Eternal optimist, I am not.
I’ve always struggled with depression, and I have had the experience of burning out from overwork. But I work hard to find every available solution when faced with a problem. I have learned tricks to keep my mood on the up and up (exercise!) and I am committed to Sabbath-observance, getting enough sleep and not overcommitting myself (this semester was a tiny exception with a short time limit) so that I can remain a productive individual and not crash and burn again. I keep my cool. I try and keep a smile on my face, and I keep truckin’ when life throws those little curve-balls.
But this week, man. I tell ya. THIS WEEK.
First. It is the end of March. There is still snow all over my driveway. All on it’s own, this can be a challenge for many Canadians. We’re holding on for spring. And holding… and holding…
Second. It is the last month of an insane semester. My brain is fried from the stresses and the pressures. (Almost there!)
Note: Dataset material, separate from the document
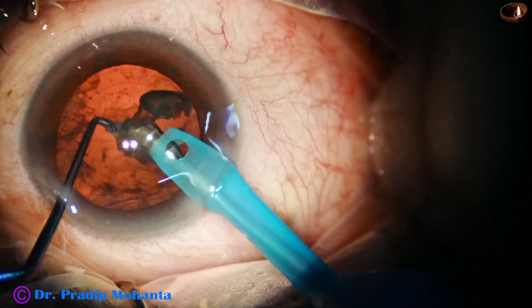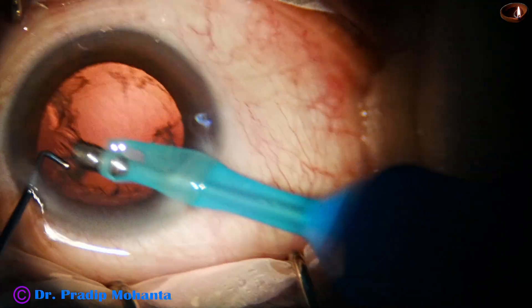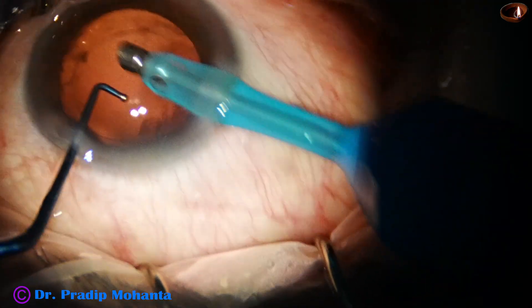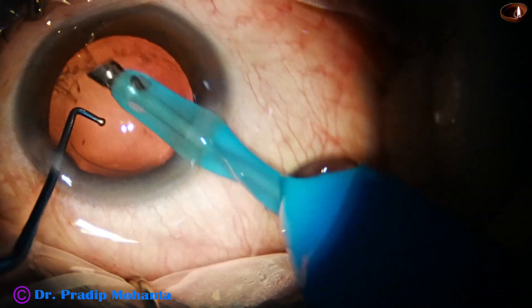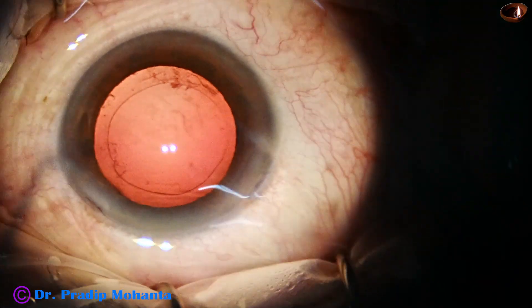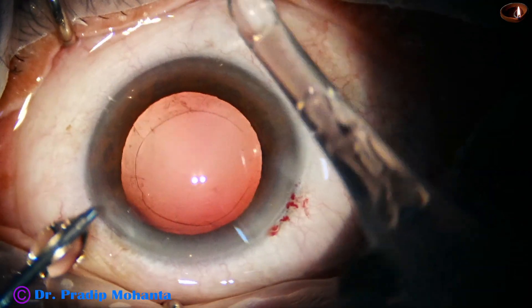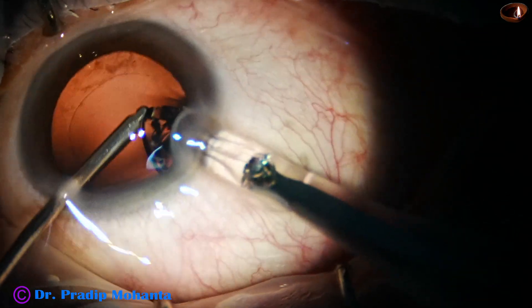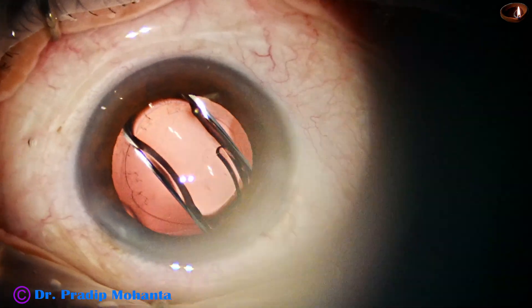The nucleus and epinucleus are managed. Cortex can also be cleaned by the handpiece itself, but this has a learning curve — there are separate options to remove the cortex. Now, hydroimplantation of a single-piece monofocal intraocular lens is done. This is Sensar from Johnson & Johnson. I have no financial interest in the equipment and materials used in this surgery.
Third – the news that slammed like a runaway truck into all of everything last Friday.
She doesn’t know how her body betrays her.
Because we’ve decided not to tell her. Not until we know for sure what will happen and when.
She is having a lovely Spring Break. So lighthearted and fun.
And to tell you the truth, Spring Break has been good for me too. We’re having a great time together and I find moments of joy and peace that are a cherished breaks from the other pressures. Life can be beautiful, even when it is hard.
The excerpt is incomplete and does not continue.